O presidente da FIA, Mohammed ben Sulayem, afirmou durante as 24 Horas de Le Mans que, se houver uma 12ª equipe na Fórmula 1 no futuro próximo, essa equipe será chinesa. A declaração reforça o interesse da categoria pela expansão do grid para além das 10 equipes atuais.
Segundo o dirigente, a ideia não é simplesmente adicionar uma equipe, mas escolher a equipe certa para incorporar o campeonato. A China aparece como destino possível, caso haja continuidade do interesse apresentado pelo mercado local.
A FIA já sinalizou apoio à expansão da F1, que em 2023 abriu espaço para mais uma equipe.
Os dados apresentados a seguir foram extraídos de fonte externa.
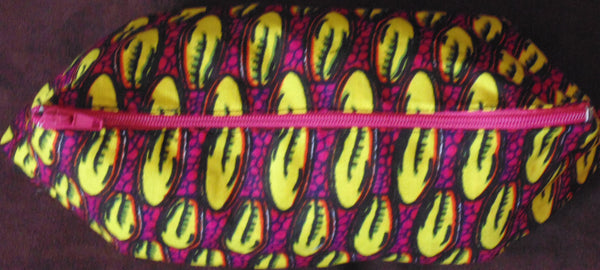 Yellow & Pink African Print Makeup bag/Pencil case - Lillon Boutique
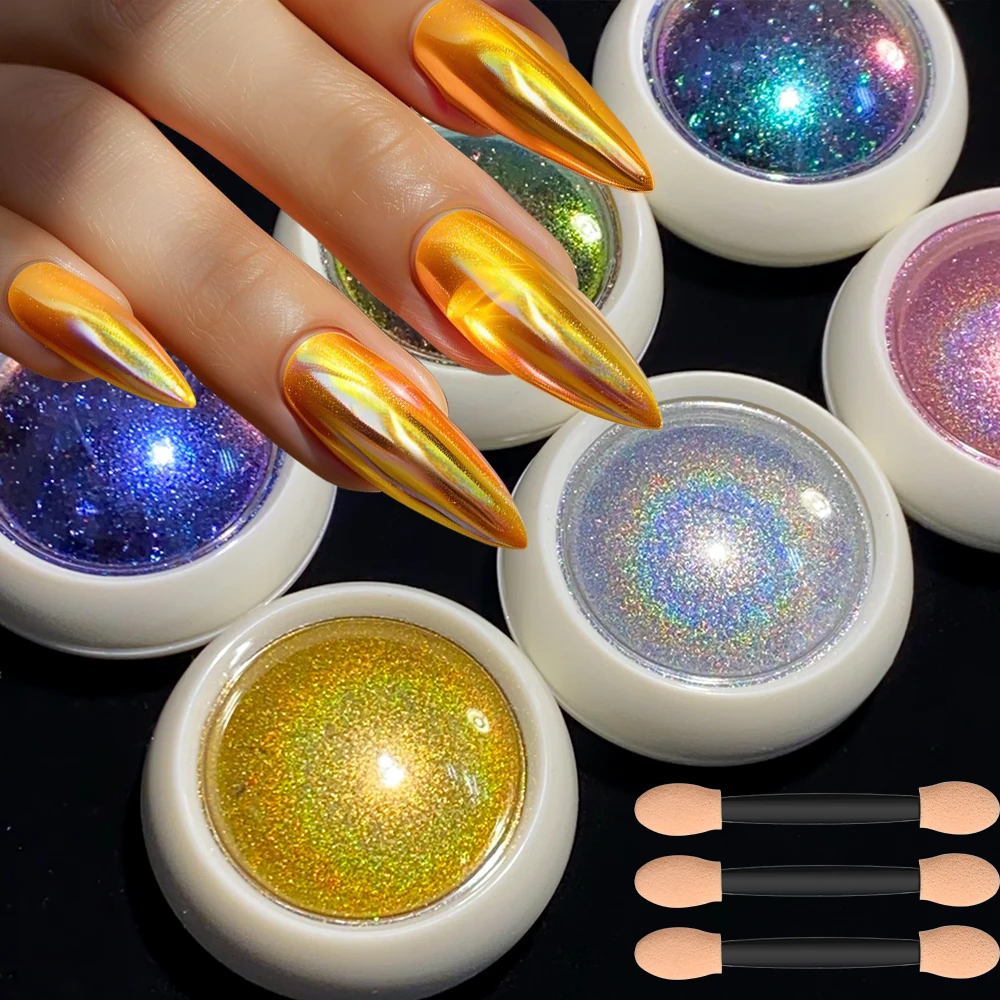 Polvo holográfico para uñas cromado de arcoíris, pigmento de espejo metálico láser Aurora, efecto camaleón dorado y plateado, polvo para frotar uñas, 6/8 Uds.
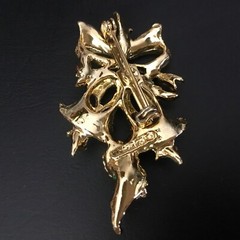 Christmas Pin Lot Signed GERRYS Gold Tone Tree Bells Poinsettia & Bow Vintage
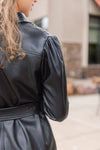 Jaden Faux Leather Shirt Dress/Jacket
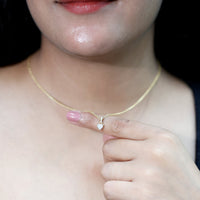 Yellow Gold Plated Silver 0.5 Carat Moissanite Heart Pendant with Chain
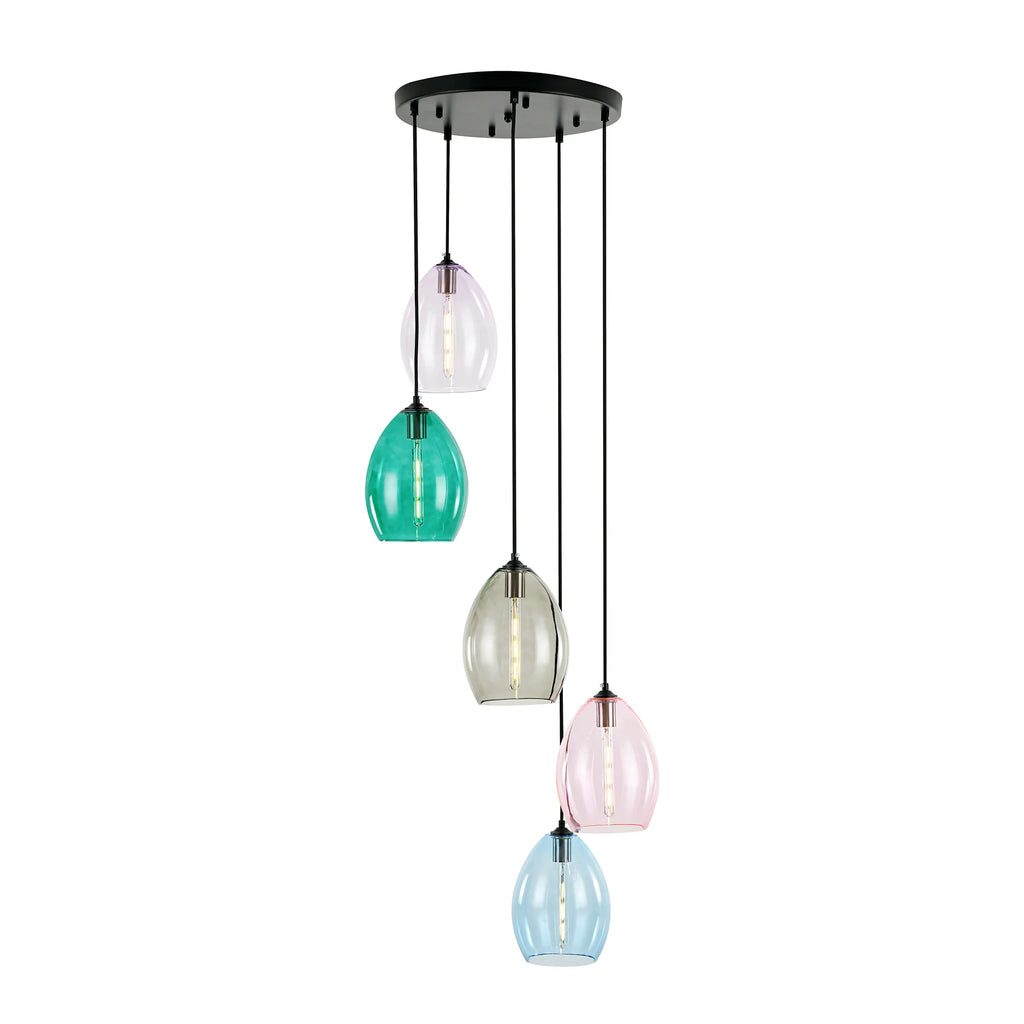 5-Light Tinted Glass Teardrop Pendant G6647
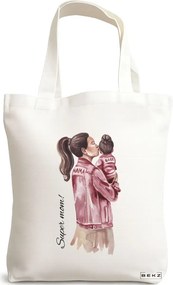 Sacosa de Panza pentru Cumparaturi, Geanta Tote, model Super Mom 2, 38x34.5 cm, Alba, BEKZ®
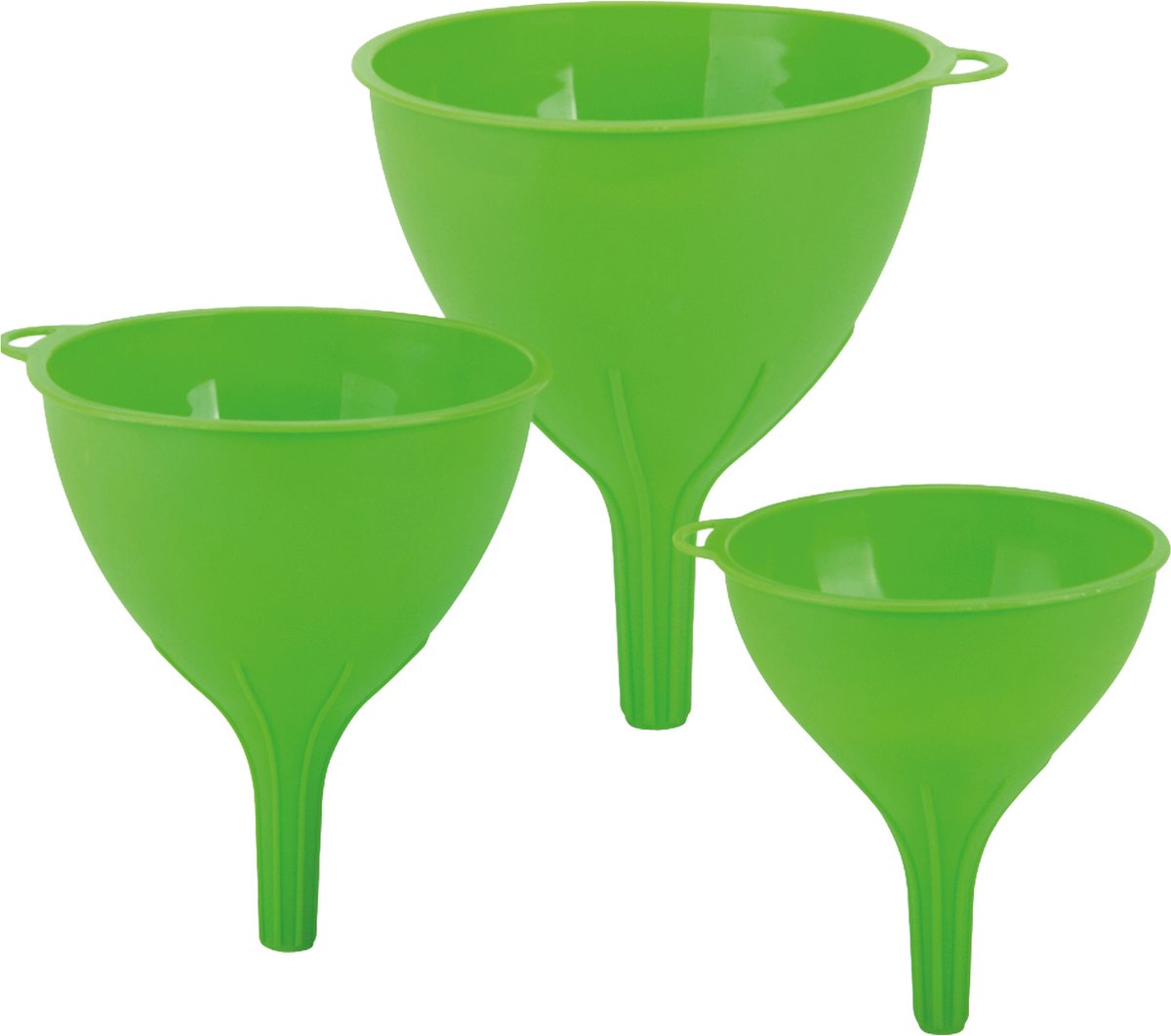 Trechter set - 3-delig - groen - kunststof - dia 10/12/15 cm - keuken benodigdheden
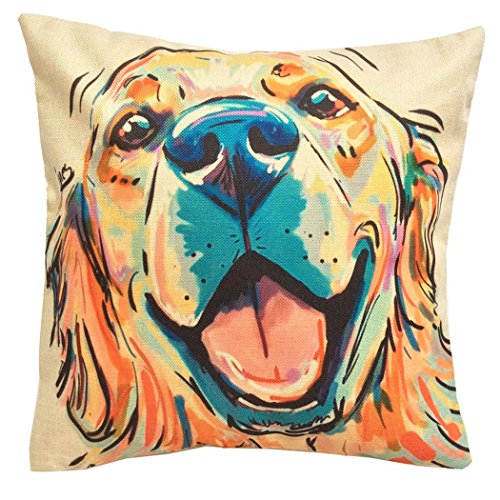 Funda de cojín "Cute Pet" de Moyum, con motivo de perro y tejido de algodón, decoración para hogar, algodón, lino, golden retriever, 45,72 x 45,72 cm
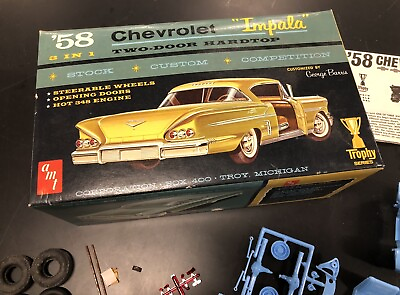 #ad RARE AMT ORIGINAL ISSUE #2758 1958 Chevy Impala. 3 in 1 Customizing Kit. NOS $125.00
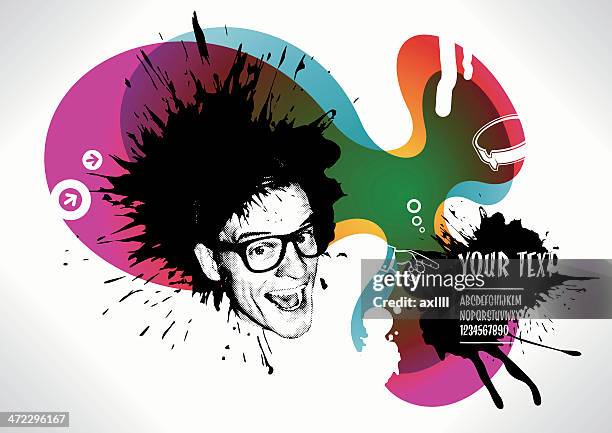 illustrazioni stock, clip art, cartoni animati e icone di tendenza di sfondo di punk rock - punk person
Na temporada atual, a Cadillac ingressou na disputa, com a Cadillac operando sob a tutela da General Motors, marco relevante para o processo de abertura de novas escuderias.
A manutenção do tema aponta que o regulamento atual permite até 24 carros. Ben Sulayem deixou claro que, se vier uma equipe, a probabilidade aponta para a China, mantendo o foco na ampliação do grid.
A Fórmula 1 não tem força asiática desde 2018, quando a Force India passou a Racing Point. No cenário atual, o único vínculo direto com a China envolve o piloto Guanyu Zhou, que atuou pela Sauber e, em 2024, é reserva da Cadillac. Fontes próximas às negociações acompanham o movimento com cautela.